INTRODUCTION

Although it has been known for over a century that micro-organisms have the potential to reduce metals, more recent observations showing that a diversity of specialist bacteria and archaea can use such activities to conserve energy for growth under anaerobic conditions have opened up new and fascinating areas of research with potentially exciting practical applications (Lloyd, 2003). Micro-organisms have also evolved metal-resistance processes that often incorporate changes in the oxidation state of toxic metals. Several such resistance mechanisms, which do not support anaerobic growth, have been studied in detail by using the tools of molecular biology. Three obvious examples include resistance to Hg(II), As(V) and Ag(II) (Bruins et al., 2000). The molecular bases of respiratory metal-reduction processes have not, however, been studied in such fine detail, although rapid advances are expected in this area with the imminent availability of complete genome sequences for key metal-reducing bacteria, in combination with genomic, proteomic and metabolomic tools.

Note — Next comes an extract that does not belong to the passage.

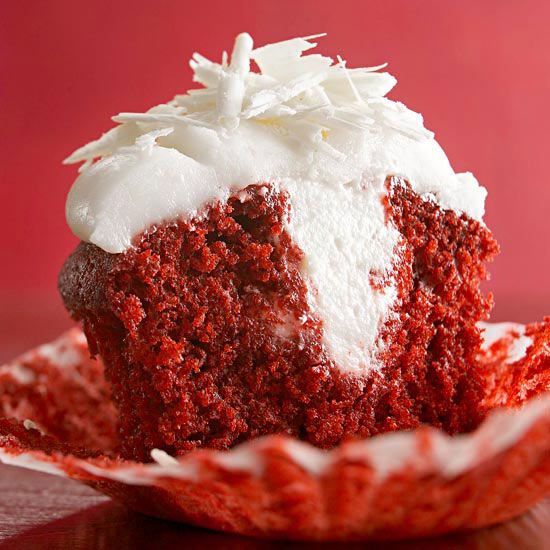 Red Velvet Cupcakes with Chocolate Filling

This research is being driven forward both by the need to understand the fundamental basis of a range of biogeochemical cycles, and also by the possibility of harnessing such activities for a range of biotechnological applications. These include the bioremediation of metal-contaminated land and water (Lloyd & Lovley, 2001), the oxidation of xenobiotics under anaerobic conditions (Lovley & Anderson, 2000), metal recovery in combination with the formation of novel biocatalysts (Yong et al., 2002a) and even the generation of electricity from sediments (Bond et al., 2002).